I bought a used Weatherby Vanguard in .223, and I must say I'm very pleased with my purchase! This is the 3 shot group. The last and highest shot was rushed to get it off before the cease fire, or it would have been better.









100 yards, oh and the bottom right shot was from when I was sighting it in!


----------



## singlesix (May 13, 2010)

Nice Iv heard good things about those rifles.


----------



## youngdon (Mar 10, 2010)

Yeah me too. That is a keeper. I hope you dialed it up off the bullseye a bit when you were done and shot it again.


----------



## Mattuk (Oct 16, 2010)




----------



## bones44 (Jan 7, 2011)

Awesome shooting and congrats on the new gun. Weatherby gets high marks from everyone I know that owns one.


----------



## Coyot.223 (Jan 24, 2012)

Thanks guys, and youngdon, I did not do that! For what reason should I of?


----------



## singlesix (May 13, 2010)

Coyot.223 said:


> Thanks guys, and youngdon, I did not do that! For what reason should I of?

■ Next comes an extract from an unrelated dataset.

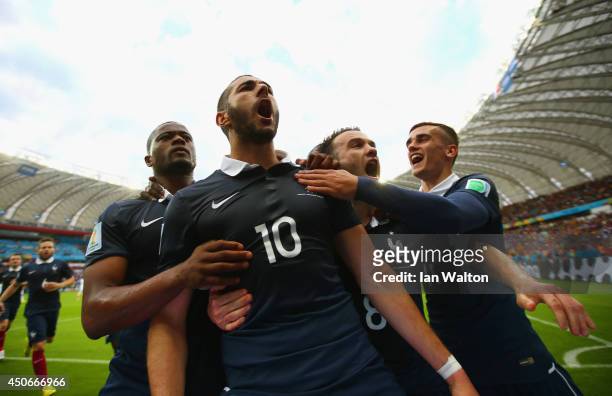 Karim Benzema of France celebrates with teammates after scoring his team's first goal on a penalty kick during the 2014 FIFA World Cup Brazil Group E...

I think he is saying you want to sight it in a little high so that you have no holdover at 200 yrds or so. I usually have mine sighted in about an inch high at a hundred.
Depends on caliber


----------



## Mattuk (Oct 16, 2010)

singlesix said:


> I think he is saying you want to sight it in a little high so that you have no holdover at 200 yrds or so. I usually have mine sighted in about an inch high at a hundred.
> Depends on caliber


----------